De « faits divers » à fait de société, comment le viol est peu à peu devenu un sujet politique
▻https://theconversation.com/de-faits-divers-a-fait-de-societe-comment-le-viol-est-peu-a-peu-dev
« Glauques », « intimes », « aléatoires » : les récits de viol dérangent, importunent dans leur ensemble les journalistes chargé·e·s du suivi régulier des faits divers, majoritairement réticent·e·s à les couvrir exhaustivement. Les entretiens réalisés auprès d’une quarantaine de rédacteur·ices français·e·s dans le cadre de mes recherches doctorales mettent en évidence des résistances d’ordres divers. Jugées « journalistiquement risquées » par anticipation de la critique du défaut de preuve, ces narrations sont par ailleurs le plus souvent perçues comme « sensibles », potentiellement « impudiques » en ce qu’elles renvoient à l’intime.
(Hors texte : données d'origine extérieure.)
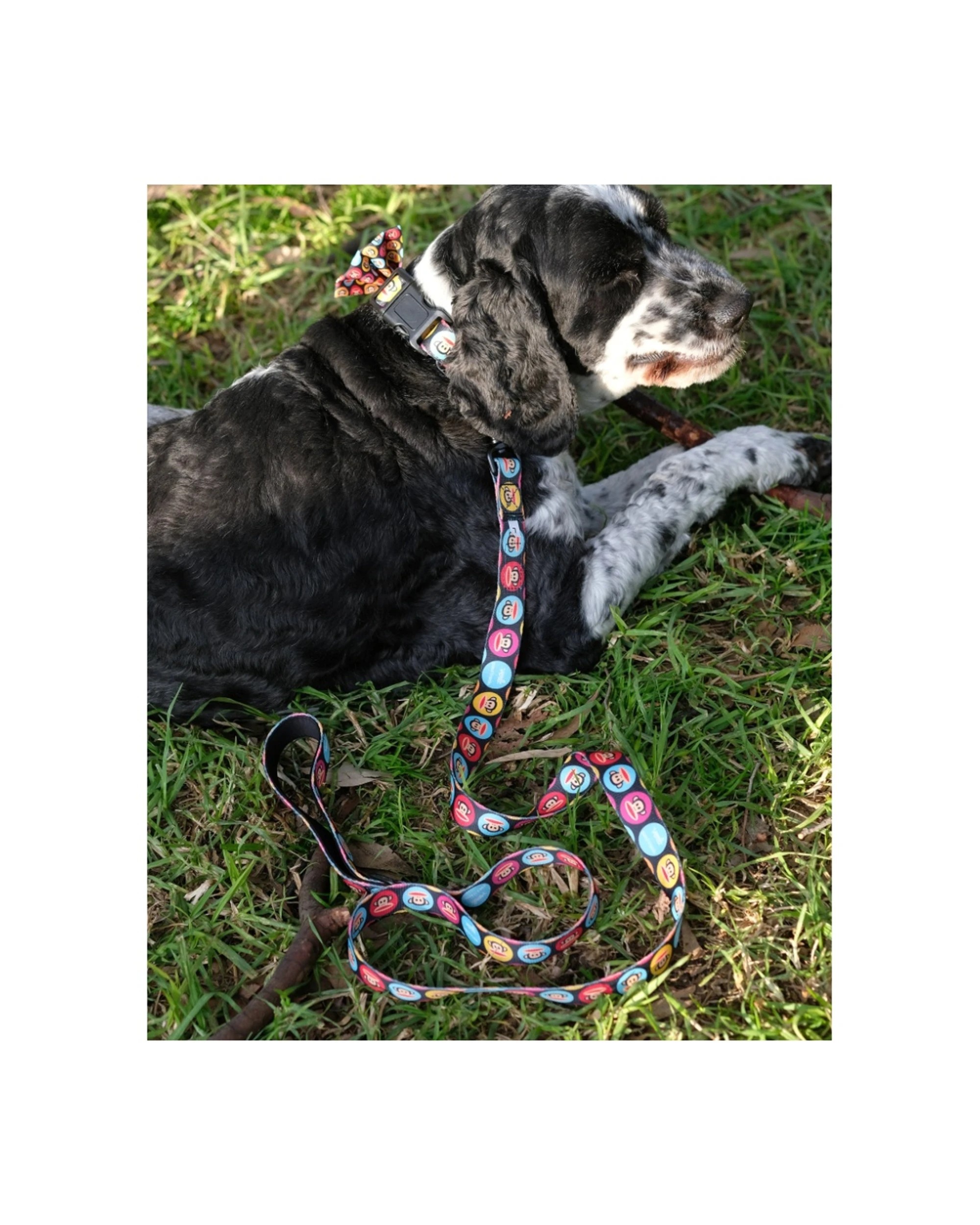 4 Verb. X Paul Frank 100% Polyester Adjustable Pet Lead Medium, 4 of 4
L’analyse des Unes de quatre quotidiens nationaux (Le Figaro, Le Monde, Libération) et régionaux (Le Parisien) menée dans le cadre du projet « Cultures pénales continentales » l’illustre : sur l’ensemble des 1903 titres relevés au cours du dernier trimestre des années 2007, 2012 et 2017, moins de 2 % (32 titres) traitent des atteintes sexuelles corporelles, quand 16,6 % des titres portent plus largement sur des enjeux de sécurité et/ou de criminalité. Plus encore, Le Parisien produit à lui seul près des 2/5 des 305 articles relatifs à un dossier de #viol relevés en 2005, 2010, 2015 et 2017 dans ces quatre mêmes journaux. Autrement dit, les dossiers de viol figurent parmi les sujets criminels les moins fréquemment couverts par la presse imprimée généraliste.